Investors will form a relationship with the brand and the user interface of an online stock broker, but they’ll be dealing with the firm behind the service. 

That’s why we spend a good portion of our stockbroker reviews looking at the legal entity behind the service. We look at the financial performance of the business, its size and how many clients it has. We look at where the firm is located and headquartered and how this impacted how it is regulated. 

For example, in our Hargreaves Lansdown review, we explain that HL is a UK public company that is one of the largest companies in the UK and a member of the FTSE 100 index of companies traded on the London Stock Exchange. 

This is incredibly useful for investors to know because it could provide them with a great deal of reassurance as to the financial stability of a firm.
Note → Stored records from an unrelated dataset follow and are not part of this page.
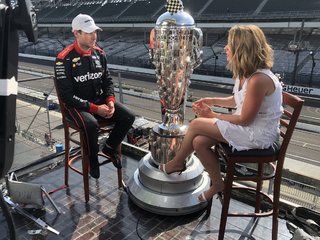 Nicole Briscoe feet photo thumbnail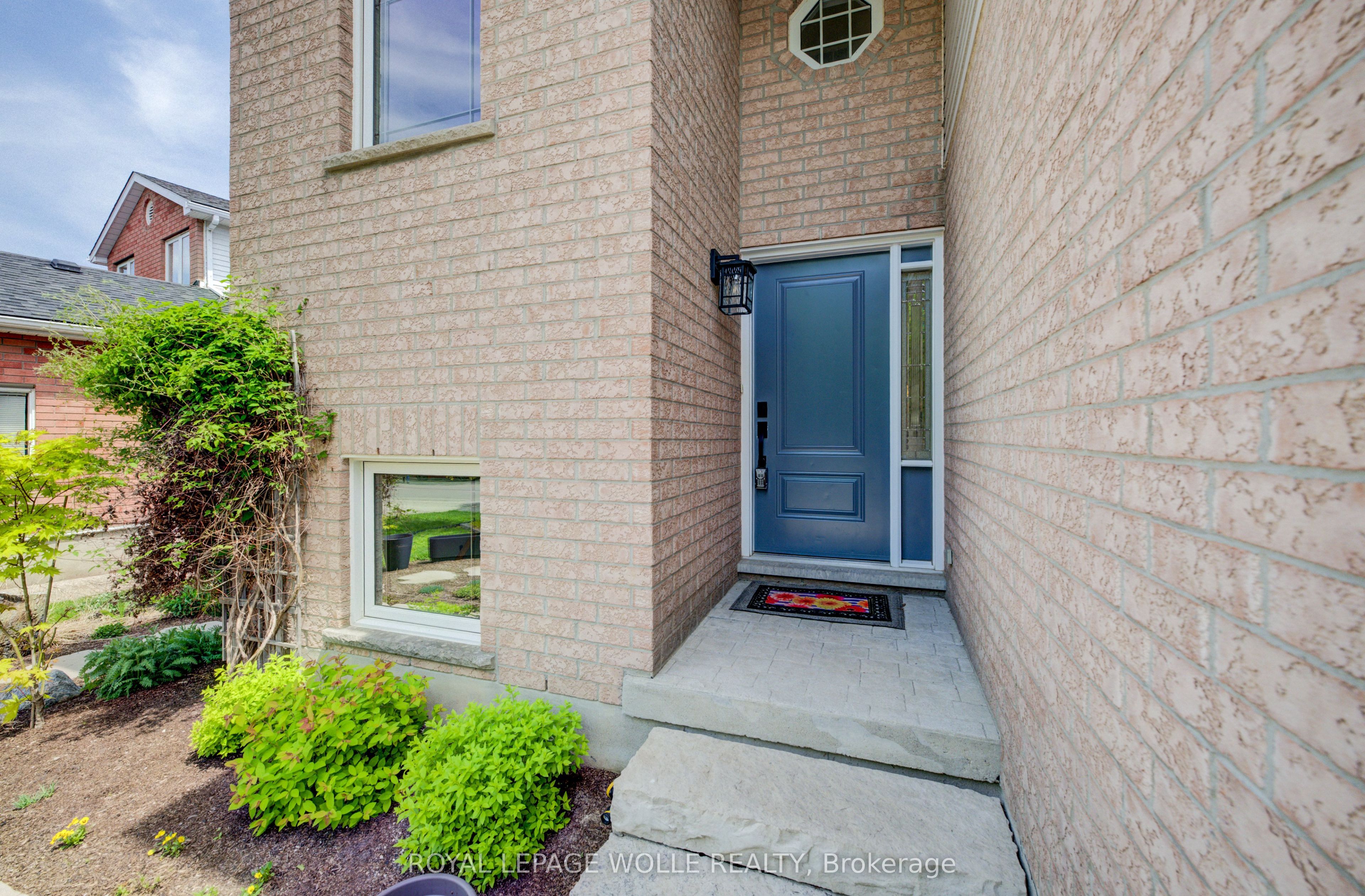 464 Northlake Drive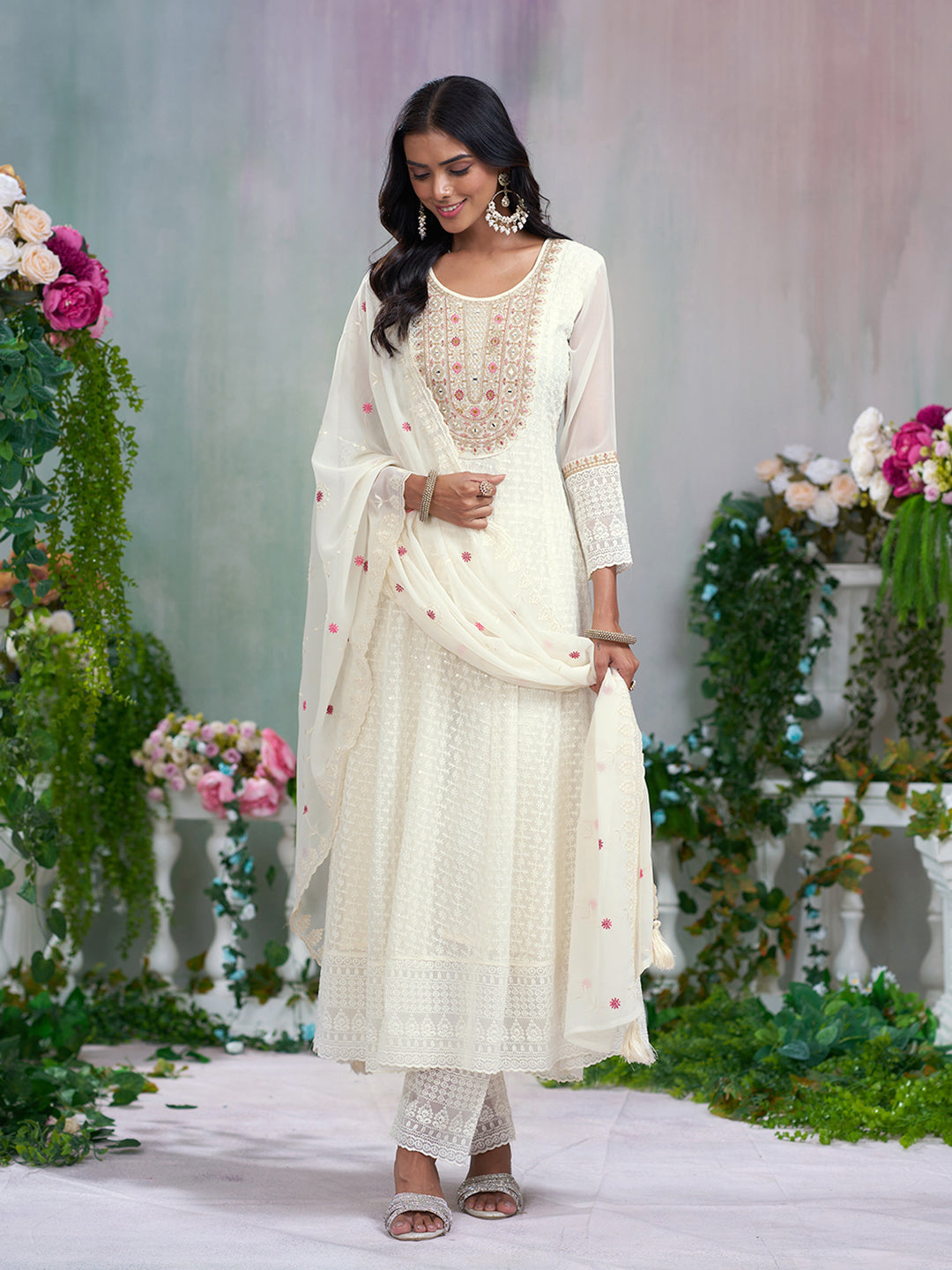 White Georgette Zari Sequence Thread Embroidery With Mirror Work Kurta With Pant And Dupatta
Of course, there are no guarantees that a firm will continue to trade indefinitely, but by reviewing the financial statements of a business we can screen-out businesses that are currently experiencing financial difficulty. 
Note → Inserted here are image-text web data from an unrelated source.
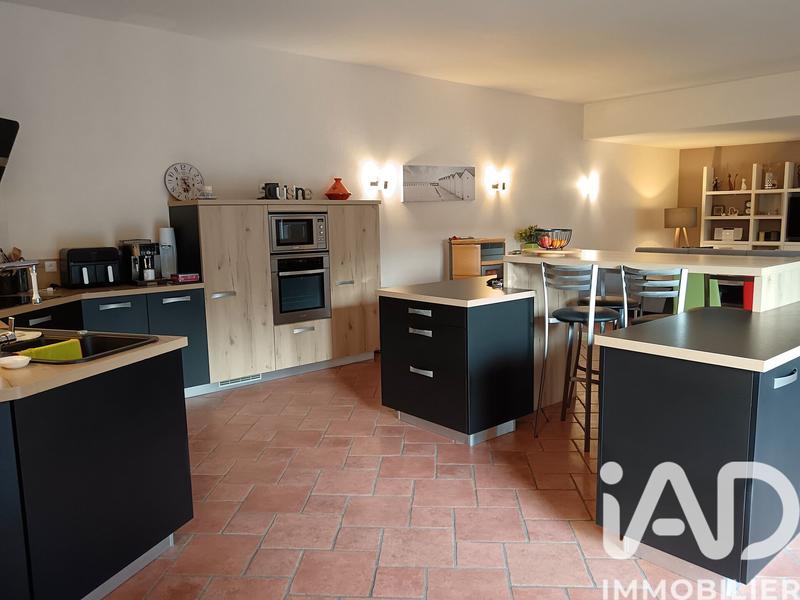 Maison - 198 m² - 6 pièces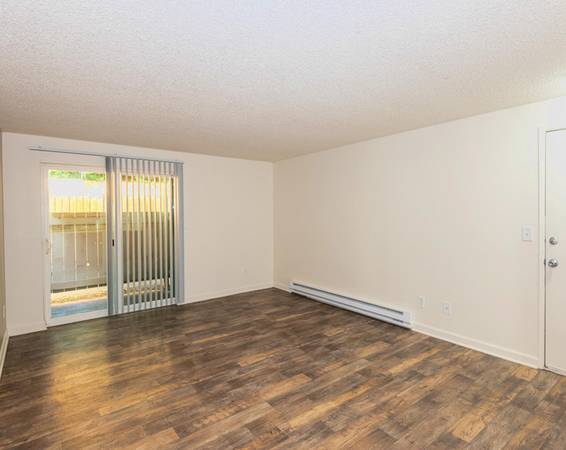 $1,465 / 1br - Nuevos pisos de vinilo con aspecto de madera, lavavajillas - Un dormitorio (Tigard)63672564486401122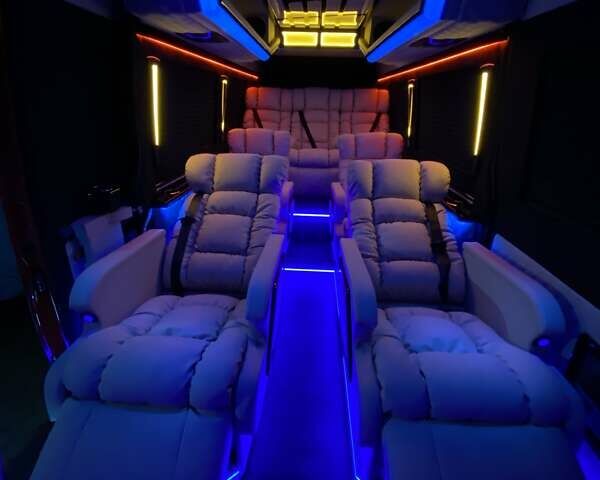Красный Мерседес Sprinter, объемом двигателя 2.14 л и пробегом 310 тыс. км за 67499 $, фото 13 на Automoto.ua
Take a look at our Hargreaves Lansdown review summary to see that its size and location resulted in 100% scores for ‘UK regulation’ and ‘Size of firm’ accordingly, which influenced its overall broker score:

Hargreaves Stockbroker review summary

3. Realistic comparisons

Investors who follow different investing or trading styles will incur fees in very different proportions. 

A long-term fund investor with a large portfolio of £1m will spend a sizeable amount each month on platform fees, which are typically charged as a % of total assets. 
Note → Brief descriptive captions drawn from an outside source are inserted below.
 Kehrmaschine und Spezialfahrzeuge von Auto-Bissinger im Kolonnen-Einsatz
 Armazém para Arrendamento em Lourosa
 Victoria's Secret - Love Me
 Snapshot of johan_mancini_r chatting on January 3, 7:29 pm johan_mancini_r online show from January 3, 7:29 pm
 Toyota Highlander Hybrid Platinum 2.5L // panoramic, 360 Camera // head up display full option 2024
In contrast, a day trader with a small pot will incur many dealing charges each month as they move in and out of speculative positions. 

To understand which is the cheapest stockbroker you’ll therefore need to consider what fees your activity is likely to attract. No single fee or metric will provide this answer to all investors. 

That’s why we consider different scenarios when comparing the cost of brokers in our reviews. 

In our AJ Bell YouInvest review, we look at the fees chargeable on three example portfolios:

  • Portfolio 1: “Fund Simplicity” – £50,000 of funds such as OEICs, Unit Trusts (not ETFs) with 2 fund purchases per month. 
  • Portfolio 2: “Armchair investor” –  £250,000 of shares with 10 trades per month.
  • Portfolio 3: Passive newbie – £10,000 of ETFs with one trade per month. 

We understand that this is relevant because crucially the cheapest stockbroker for each of these portfolios is not the same firm.

4. Balanced viewpoints

Our editorial policy when writing stockbroker reviews is to write factually and impartially about the service and the firm behind it. 

This results in our reviews including criticism of the broker, where relevant, and highlighting where the stockbroker isn’t the cheapest.

Our interactive investor broker review is an excellent example of this in action.

In the review, we naturally highlight that ii may be the cheapest stockbroker for investors with large portfolios. But this finding has an inevitable flip side: ii is not cheap when investing with little money

We make this clear both in our headline broker comparison table:

Balanced stockbroker reviews

and the review itself:

Best stockbroker review

We’re big fans of interactive investor here at Financial Expert, but that’s not the same thing as recommending it to all investors. Each broker chooses a pricing structure that will appeal to a certain type of investor. This will naturally make it a less-perfect-fit for other investors, and we won’t do the UK investing community any favours by failing to point this out. 

Other sources for the best stockbroker reviews

To follow our editorial policy we would also like to recommend other authoritative sources for broker reviews elsewhere on the web: 

Monevator.com maintains a fairly comprehensive table of popular UK stockbrokers (focusing on household names and traditional institutions over new investment apps). The Monevator team update the table on a periodic basis, so it’s always necessary to double-check with the provider before. 

Moneysavingexpert.com doesn’t rank or directly compare stockbrokers, but nevertheless, it’s home to great advice on how to find a stockbroker in the shape of many articles and guides on the topic.